Note: The form of the order is subject to the entry in the Court’s records.

Note: The Court may vary or set aside a judgment or order to remedy minor typographical or grammatical errors (r 17.05(2)(g) Federal Circuit and Family Court of Australia (Division 2) (General Federal Law) Rules 2021 (Cth)), or to record a variation to the order pursuant to r 17.05 Federal Circuit and Family Court of Australia (Division 2) (General Federal Law) Rules 2021 (Cth).

REASONS FOR JUDGMENT

JUDGE EGAN

Introduction

  1. On 31 October 2022, a Senior Member of the then Administrative Appeals Tribunal (“the Tribunal”) handed down a decision affirming a decision of a delegate of the Minister to refuse to grant to the primary applicant a protection visa.
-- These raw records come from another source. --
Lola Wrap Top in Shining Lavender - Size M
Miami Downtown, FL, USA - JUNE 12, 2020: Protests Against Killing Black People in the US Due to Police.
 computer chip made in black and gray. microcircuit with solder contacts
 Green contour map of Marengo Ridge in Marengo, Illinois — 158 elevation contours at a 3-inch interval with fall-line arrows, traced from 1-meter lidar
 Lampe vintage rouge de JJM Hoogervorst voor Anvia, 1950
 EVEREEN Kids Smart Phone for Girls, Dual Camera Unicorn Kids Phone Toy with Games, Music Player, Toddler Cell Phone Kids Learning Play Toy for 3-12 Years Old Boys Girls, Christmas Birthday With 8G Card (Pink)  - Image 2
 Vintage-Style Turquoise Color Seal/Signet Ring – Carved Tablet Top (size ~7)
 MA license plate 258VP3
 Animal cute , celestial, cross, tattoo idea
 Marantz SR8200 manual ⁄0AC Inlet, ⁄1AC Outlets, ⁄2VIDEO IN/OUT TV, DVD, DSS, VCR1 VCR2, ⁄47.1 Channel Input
The Senior Member further decided that the Tribunal had no jurisdiction in relation to the secondary applicant as she had died prior to the Tribunal hearing.

  2. The applicant was a citizen of Ethiopia who applied for a protection visa under s. 65 of the Migration Act (1958) (Cth) (“the Act”).

  3. On 13 September 2019, a delegate of the Minister refused to grant the visa application.

  4. On 10 October 2019, the Applicant sought review of the delegate’s decision by the Tribunal.

  5. The hearing before the Tribunal took place on 20 October 2022. The applicant’s claims before the Tribunal were as follows:

    •He is from the Oromo ethic group.

    •That currently he faces many problems in his country and the problems are widespread affecting all areas of the Oromo region.

    •He was a supporter of the former political party and refused to accept a request to support the ruling party and that is why he cannot live in his country peacefully.

    •The Oromo people are the largest ethnic group in Ethiopia and have been oppressed by consecutive Ethiopian regimes for over the last century and they are protesting against the Addis Ababa integrated development masterplan.

    •In 2004 his daughter was arrested, and he later travelled to Egypt and then to Australia.

    •He got a chance to visit three countries, but he did not wish to seek asylum at any of them because the Ethiopian situation was not as aggravated then, as it is now, when the time of his application.

    •After receiving his Australian visa, he was on 26 July 2016 taken from his home to prison where he spent seven days in a difficult situation due to his Oromo ethnic background and the suspicions of government that he was an initiator of insurgency. On 1 September 2016 the government released him by accepting a bail payment which was the equivalent of $125 Australian.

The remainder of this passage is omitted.